Let’s imagine that the information about the detection of a new vulnerability of the X application has just been published, and its producer has released a patch. Either a company working on X will find out about it with a delay of several days (servers do not receive notifications about available updates), or its IT specialist will catch it quickly – and face a dilemma. Should they stop server operation immediately, exposing the company to financial loss as a result of downtime? Or maybe they should plan a service slot for one night in a few days, by which time it would expose the company’s IT systems to an attack and so even greater financial loss?

In the same situation, companies using Virtual Patching have uninterrupted protection, while avoiding the cumbersome problem of updating the system at an inconvenient moment.

Professional Anti-Malware

It is a widespread claim that an average antivirus software is able to catch only 45% of all attacks. This is mainly due to the continuous evolution of cybersecurity threats. A dozen years ago, the biggest headache in the IT industry was a computer virus. Today, there are many types of malware across the Internet, such as spyware, cryptojacking or ransomware, among others, which require the right tools to combat them.
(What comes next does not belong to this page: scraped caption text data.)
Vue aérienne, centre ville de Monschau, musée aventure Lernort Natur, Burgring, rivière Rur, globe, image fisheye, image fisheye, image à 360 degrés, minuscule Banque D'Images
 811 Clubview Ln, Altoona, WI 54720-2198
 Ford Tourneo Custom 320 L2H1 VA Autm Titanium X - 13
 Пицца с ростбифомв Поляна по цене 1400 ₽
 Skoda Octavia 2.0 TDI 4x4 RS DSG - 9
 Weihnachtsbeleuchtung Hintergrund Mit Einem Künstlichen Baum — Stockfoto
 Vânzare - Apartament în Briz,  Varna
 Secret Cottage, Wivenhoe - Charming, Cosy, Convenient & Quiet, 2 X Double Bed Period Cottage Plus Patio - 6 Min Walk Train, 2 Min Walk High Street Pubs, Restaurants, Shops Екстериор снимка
One of such tools is Anti-Malware by Trend Micro, which uses a complete set of methods:

  • Extremely rich and constantly updated malware database
  • Verification of known code fragments
  • Testing the suspicious software with the option of rolling back the changes made

Currently, it is one of the most serious tools providing comprehensive protection against malware.

Everything under control

By purchasing the Deep Security service, the you receive access to an intuitive console in which you can independently manage the necessary options, and enable or disable the modules. At any time, you can also generate reports that clearly show the effectiveness of a given tool. A great example is the Recommendation Report which informs what patches are missing on a given server or server group.

Undoubtedly, the implementation of all Deep Security modules is the solution that provides comprehensive protection. However, even using only one of them definitely increases the level of security by upgrading the quality of the security used to a whole new, higher level.